The faith of St. Monica and her example of steadfast prayer is a fitting example to all of us and specially to parents whose children abandon or reject the Catholic Faith for a variety of reasons. Most of the time it seems to center on the example of the world we live in. Our world is filled with secularism and relativism. I called it a “Burger King world” because so many people want things their way no matter what anyone says even God Himself. Many people think they can decide who lives and dies (abortion and assisted suicide), who can marry whom (same sex marriage), what is right and wrong in any issue at all. It seems that what the individual thinks is all that matters. Pope Emeritus Benedict XVI called it the dictatorship of relativism and that is what we are living under at the present time.
There are many parents of adult children who feel very much like St. Monica and pray for years and years that their children would return to the Church. Many times, they blame themselves for their children wandering away from the Church. In most case it is not their fault at all; they did the best that they could. We must remember that as our children get older the influences of the world and their peers grows stronger. These are not always good influences especially when it concerns faith and religion. When they go off to college, they encounter certain teachers that are very much opposed to religion and God and this thinking becomes very much a part of the classroom experience. These are the very same influences that St. Augustine encountered in his life.
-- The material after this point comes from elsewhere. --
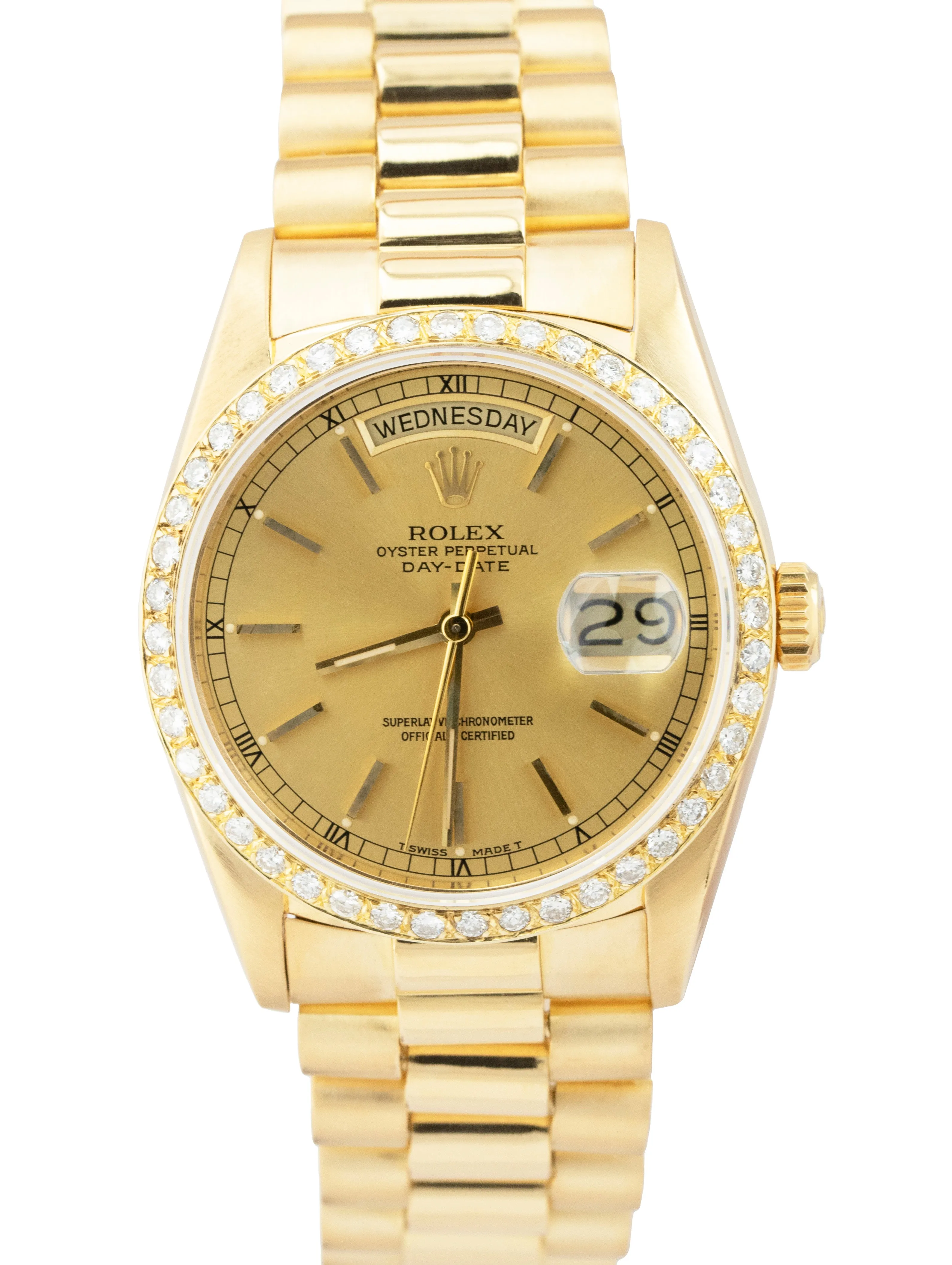 Rolex Day-Date President 36mm DIAMOND Champagne 18K Gold Watch 18238 BOX PAPERS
His mother’s example and pleading were not enough, but because of her prayers her son encountered St. Ambrose, the bishop of Milan, and it was Ambrose and his preaching that finally got through to Augustine.
I often tell parents something I heard a long time ago concerning children who have left the faith; it is better to pray for someone to come into their life that will lead them back to the Church than to pray for the words that will help you to convince them to return. Often one returns to the Church because of the influence of someone they meet and not so much because they decided to listen to their parents. Pray that God will send someone to help your adult children return to the Church just like God sent St. Ambrose into the life of St. Augustine.